Typically, tasks get scheduled, junior and middle management get overloaded, top management gets frustrated, projects get started and stopped as priorities shift. Slow progress is made. Now let’s try a different model. Encourage people to experiment, tolerate failure. Still there are more ideas than pairs of hands. Set up a continuous improvement team – managers from all areas throw projects at this team which operates an agreed prioritisation process.
But more improvement could be made. This is where consultants come in.
If line management and the continual improvement team are fully occupied there is every reason to sub-contract some projects to outsiders. There are advantages to using consultants. They go away when the project is finished. They can call in specialists for short amounts of input. They are highly experienced at project management and will produce a useable result faster than those who have a day job.

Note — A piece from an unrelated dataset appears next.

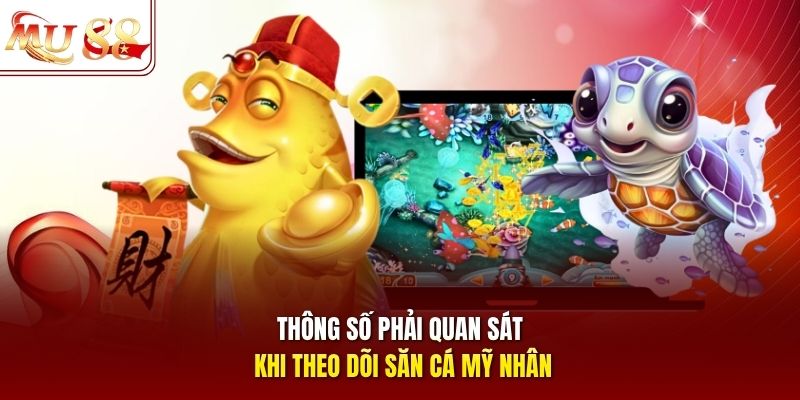 Thông số phải quan sát khi theo dõi săn cá mỹ nhân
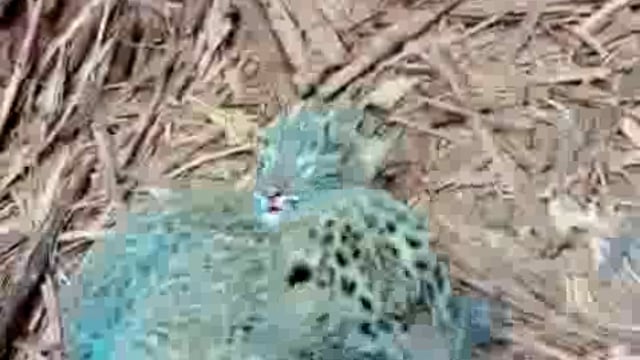 गन्ने के खेत में तेंदुए के दो शावक दिखने से ग्रामीणों में हड़कम्प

Try converting the continual improvement team into the change management team with the remit that some projects can be sub-contracted. Then see how much change the organisation can manage.
If this is not the picture in your company, you are probably trying to do all the desired change management yourself with inappropriate resources.
You will probably be over-staffed with the wrong type of resource or, worse, you are not undertaking the changes that will lead to improved results. Managements happily invest in new assets. Why are they reluctant to invest in consultancy-led change management projects which are likely to have higher returns? Because consultancy hits the p&l account whereas investments are balance sheet items? There is no difference in value creation terms between a consultancy project and investment in new plant.
Poor accounting rules and, more particularly, inept investor relations allow this kind of short-termism which causes sub-optimal decision making.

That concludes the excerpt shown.